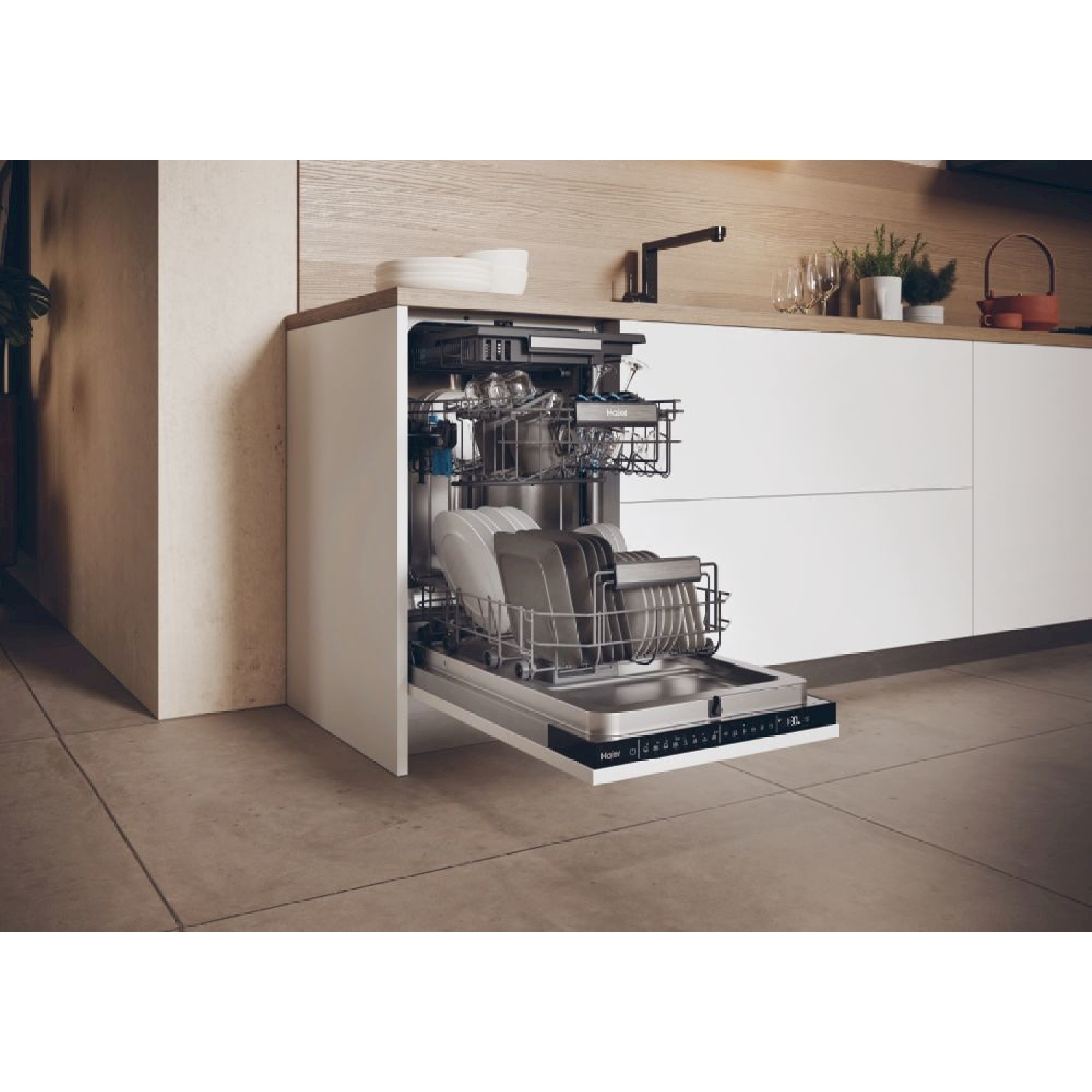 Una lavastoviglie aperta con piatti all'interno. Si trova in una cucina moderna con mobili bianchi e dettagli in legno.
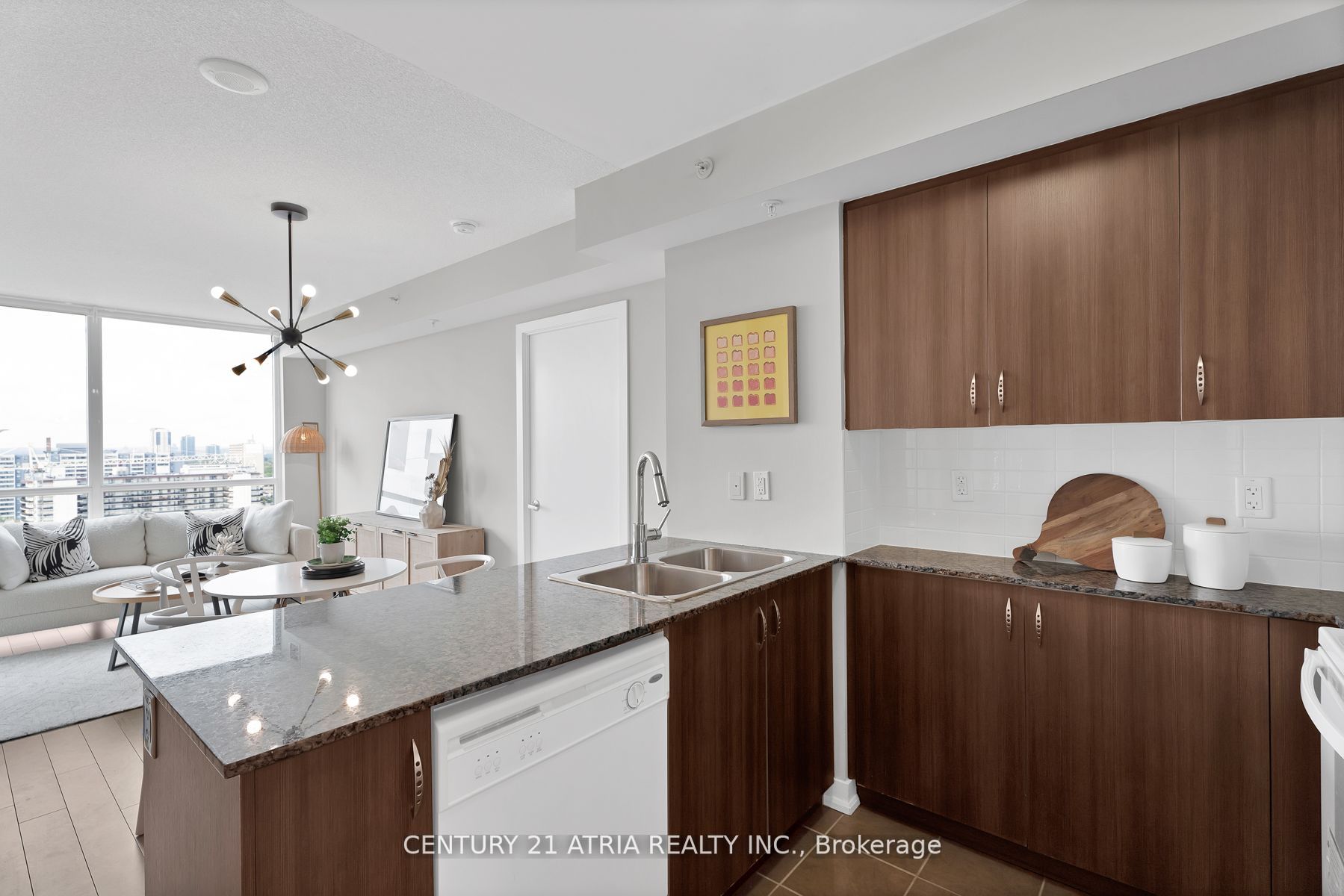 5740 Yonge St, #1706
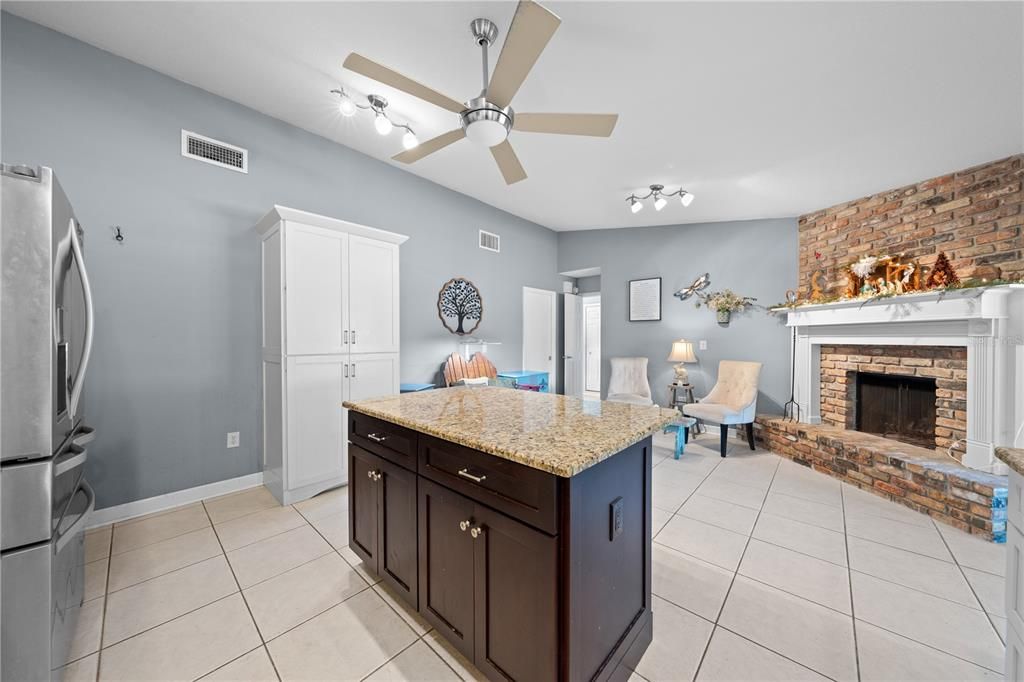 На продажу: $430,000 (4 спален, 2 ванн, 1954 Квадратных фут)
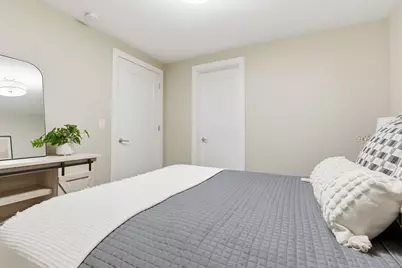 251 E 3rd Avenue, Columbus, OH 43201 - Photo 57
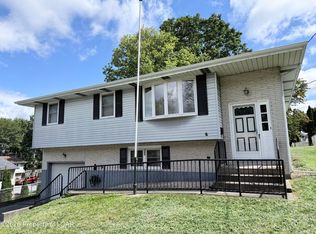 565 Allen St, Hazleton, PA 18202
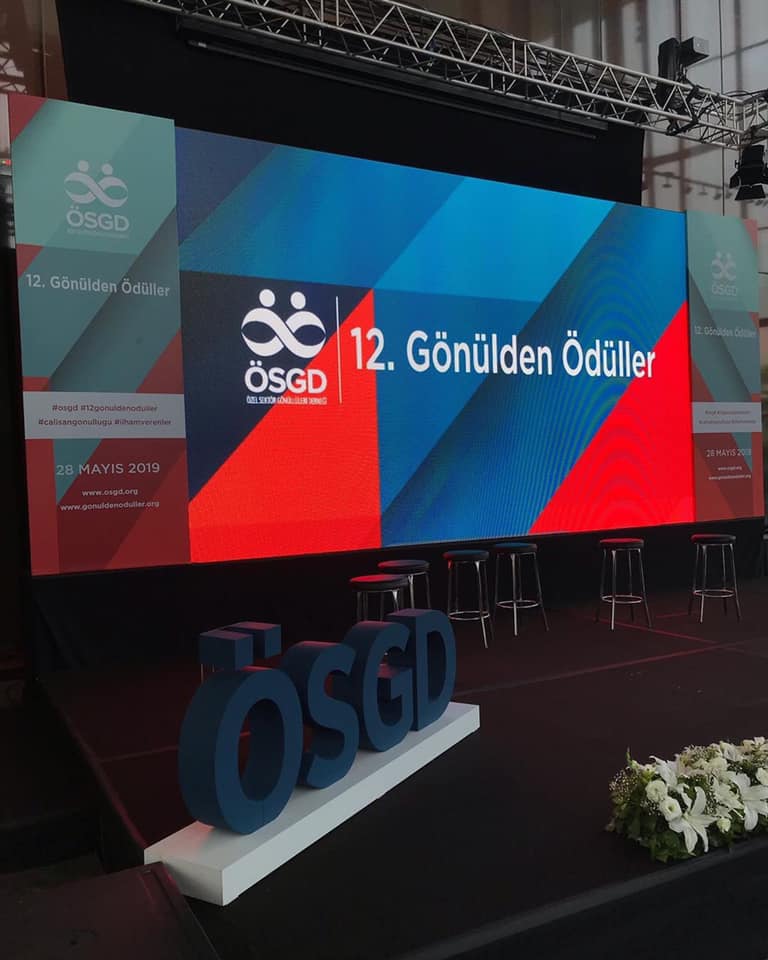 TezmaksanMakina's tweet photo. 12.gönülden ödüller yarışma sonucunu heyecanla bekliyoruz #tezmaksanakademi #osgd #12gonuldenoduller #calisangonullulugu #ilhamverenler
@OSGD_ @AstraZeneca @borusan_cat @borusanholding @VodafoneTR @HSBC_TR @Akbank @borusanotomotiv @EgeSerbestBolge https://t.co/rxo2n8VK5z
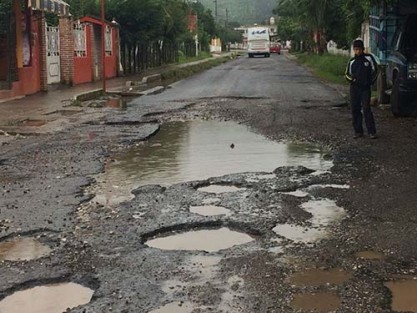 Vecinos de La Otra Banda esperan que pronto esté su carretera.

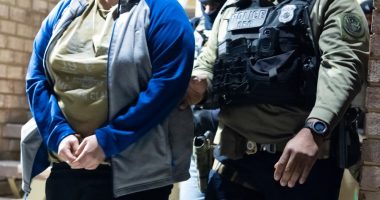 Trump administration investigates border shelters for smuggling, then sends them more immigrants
********************
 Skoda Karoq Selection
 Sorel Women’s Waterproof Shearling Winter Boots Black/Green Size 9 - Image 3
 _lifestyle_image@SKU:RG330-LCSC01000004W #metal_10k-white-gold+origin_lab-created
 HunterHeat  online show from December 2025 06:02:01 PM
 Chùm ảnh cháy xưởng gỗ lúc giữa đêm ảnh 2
********************
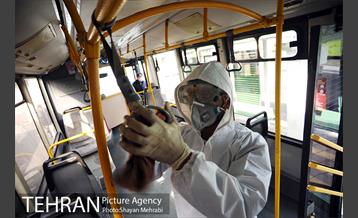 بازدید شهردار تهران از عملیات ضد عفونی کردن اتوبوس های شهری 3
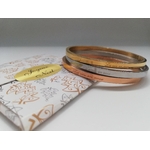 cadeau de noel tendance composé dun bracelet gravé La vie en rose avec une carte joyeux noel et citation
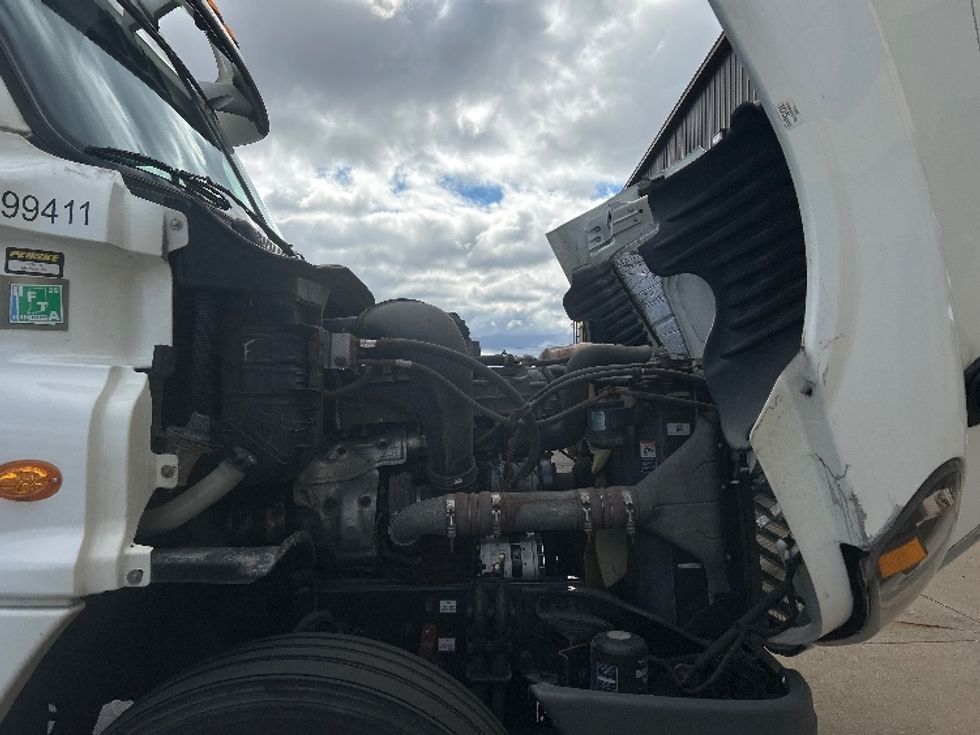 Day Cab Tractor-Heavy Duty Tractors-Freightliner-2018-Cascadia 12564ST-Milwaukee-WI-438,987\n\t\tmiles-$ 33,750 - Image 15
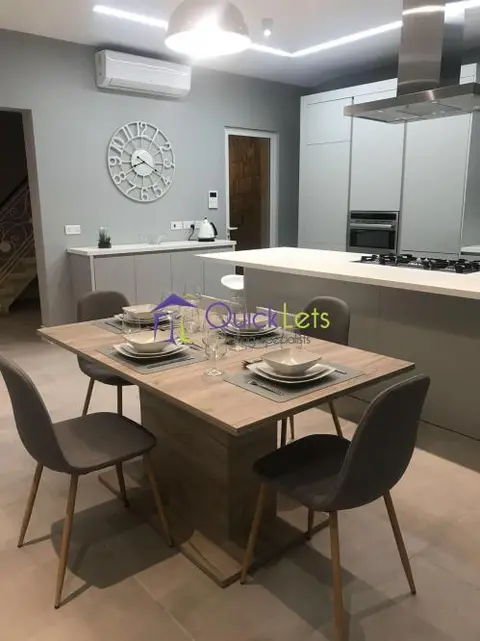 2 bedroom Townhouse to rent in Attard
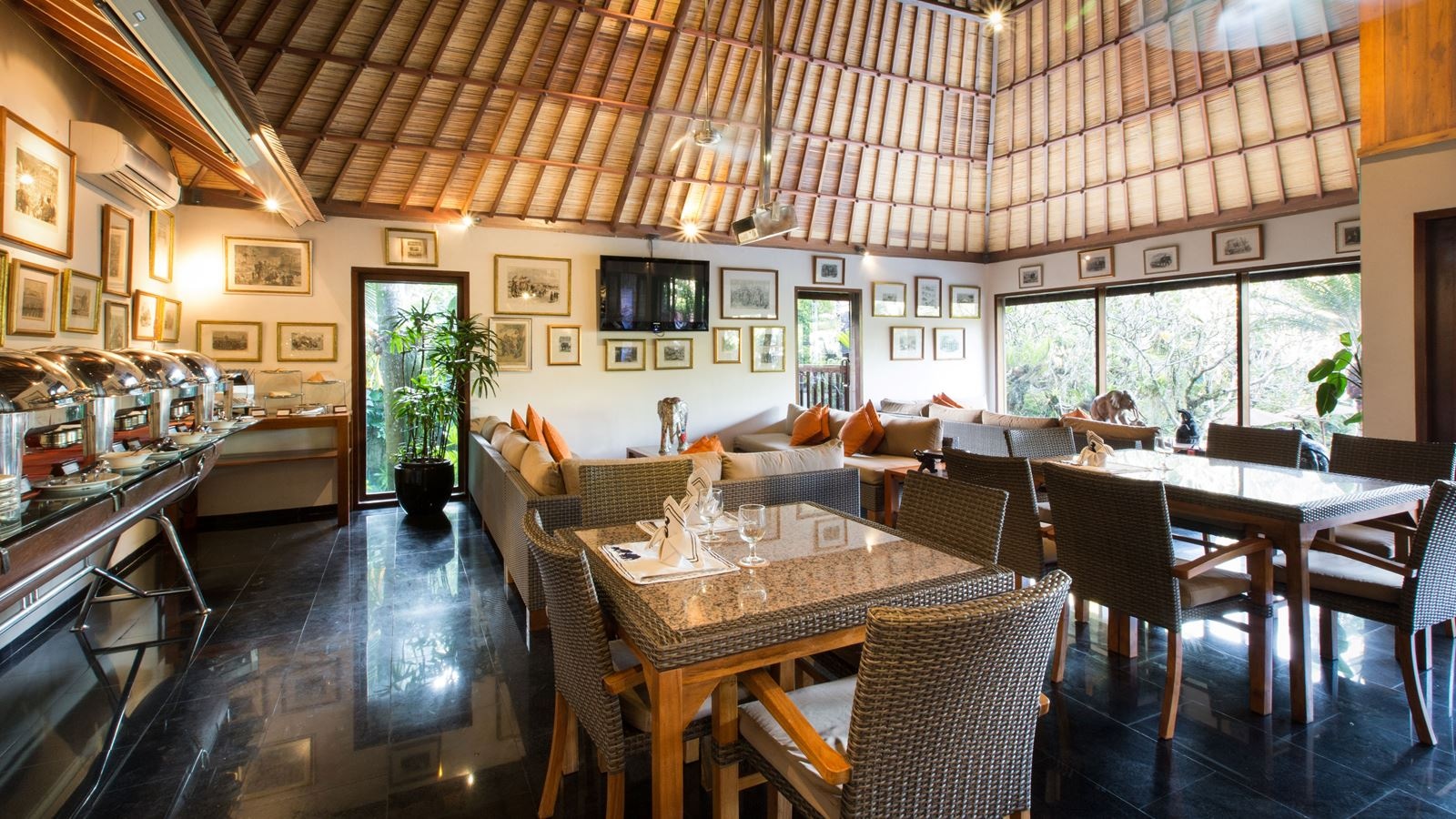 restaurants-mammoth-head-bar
********************
### WHAT TO WORK ON
Take only the lines above from the one that has "Una lavastoviglie aperta" through the one that has "Trump administration investigates" and reproduce them exactly, omitting any pictures.

### EXERCISE RESPONSE
 Una lavastoviglie aperta con piatti all'interno. Si trova in una cucina moderna con mobili bianchi e dettagli in legno.
 5740 Yonge St, #1706
 На продажу: $430,000 (4 спален, 2 ванн, 1954 Квадратных фут)
 251 E 3rd Avenue, Columbus, OH 43201 - Photo 57
 565 Allen St, Hazleton, PA 18202
 TezmaksanMakina's tweet photo. 12.gönülden ödüller yarışma sonucunu heyecanla bekliyoruz #tezmaksanakademi #osgd #12gonuldenoduller #calisangonullulugu #ilhamverenler
@OSGD_ @AstraZeneca @borusan_cat @borusanholding @VodafoneTR @HSBC_TR @Akbank @borusanotomotiv @EgeSerbestBolge https://t.co/rxo2n8VK5z
 Vecinos de La Otra Banda esperan que pronto esté su carretera.

 Trump administration investigates border shelters for smuggling, then sends them more immigrants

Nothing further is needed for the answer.